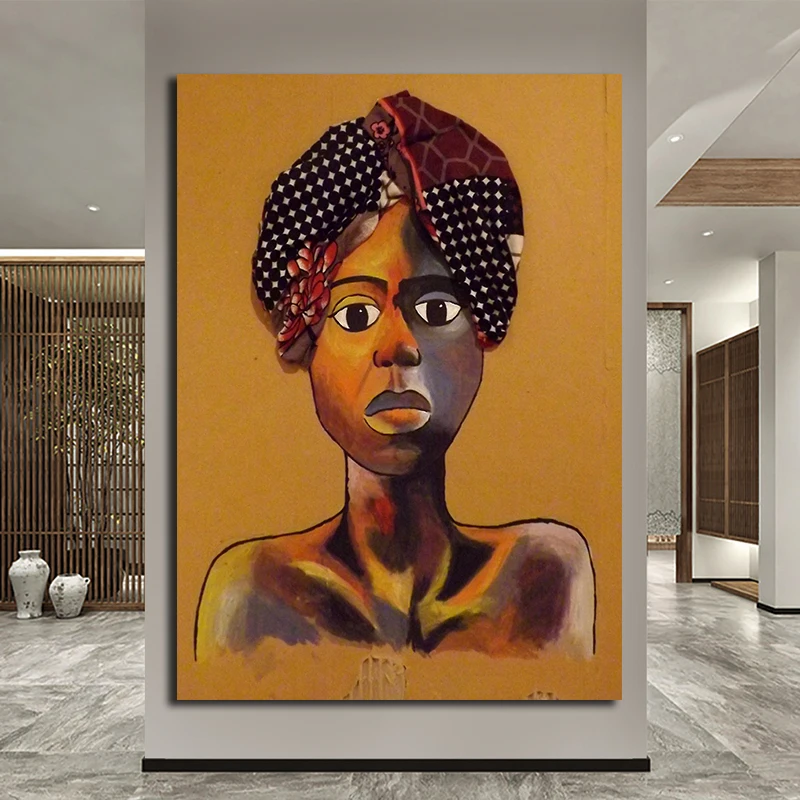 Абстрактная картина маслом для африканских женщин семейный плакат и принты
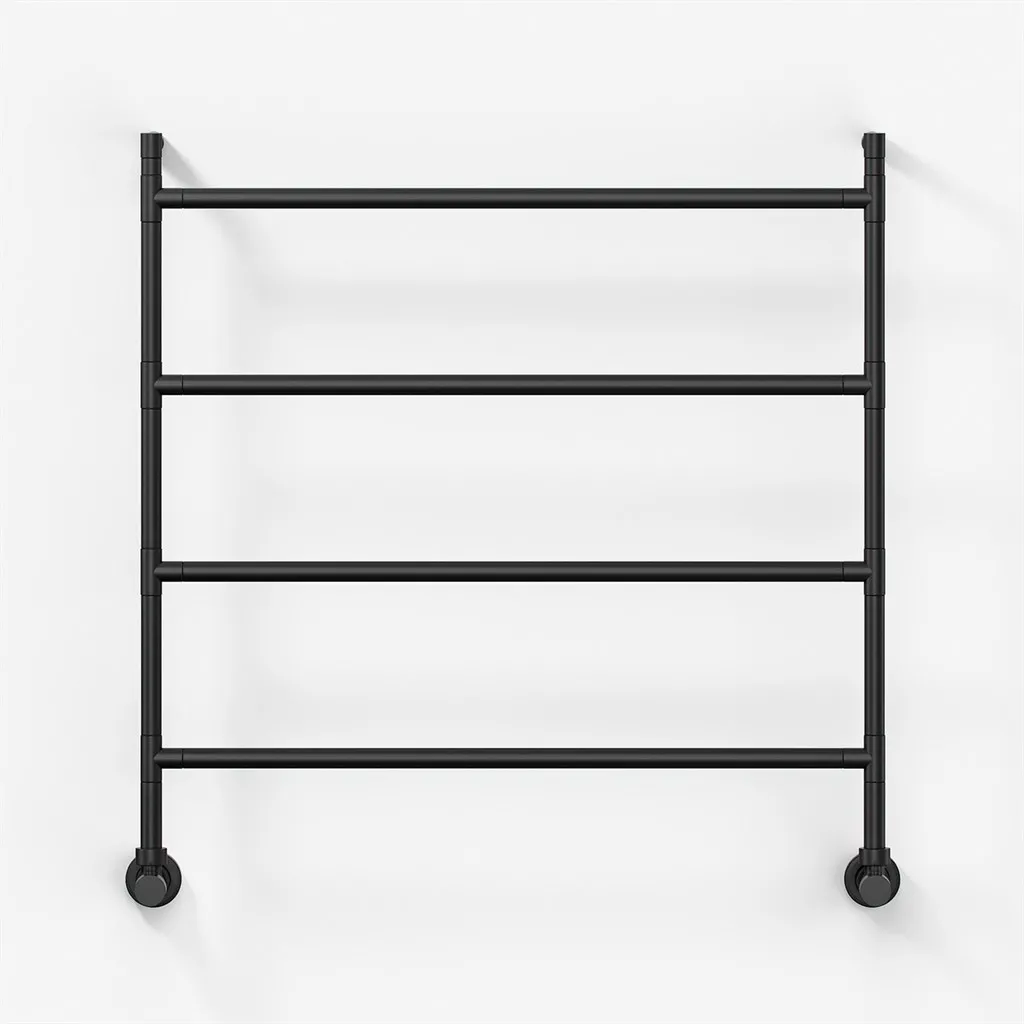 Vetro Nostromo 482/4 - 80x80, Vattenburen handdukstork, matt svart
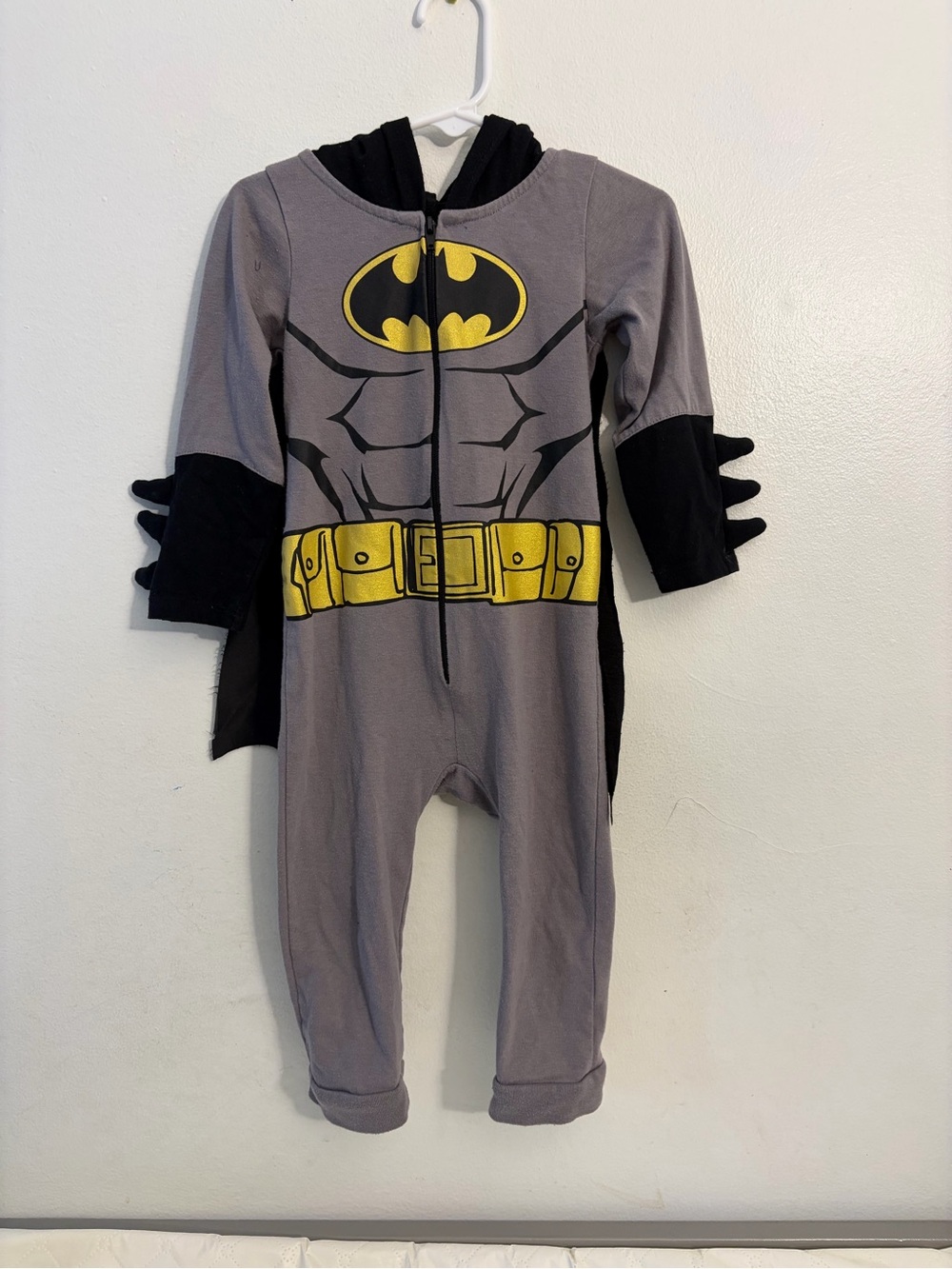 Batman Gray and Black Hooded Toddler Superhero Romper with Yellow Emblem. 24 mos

--

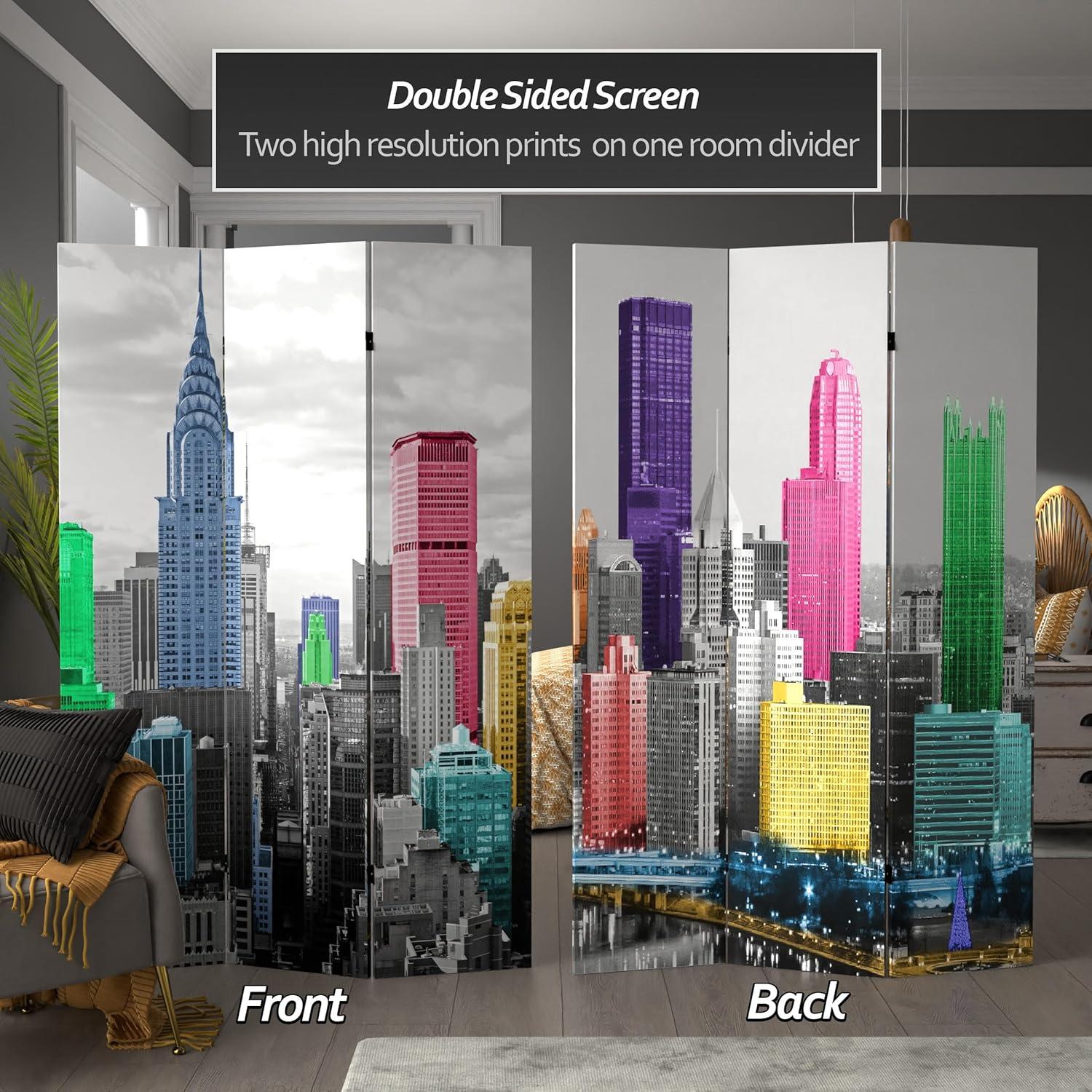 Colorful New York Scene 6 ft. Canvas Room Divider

**What is needed**
Please set down, exactly and with no pictures, the lines in the entries above starting at the one holding "Абстрактная картина маслом" and ending at the one holding "Batman Gray and", ends included.

**Result below**
 Абстрактная картина маслом для африканских женщин семейный плакат и принты
 Vetro Nostromo 482/4 - 80x80, Vattenburen handdukstork, matt svart
 Batman Gray and Black Hooded Toddler Superhero Romper with Yellow Emblem. 24 mos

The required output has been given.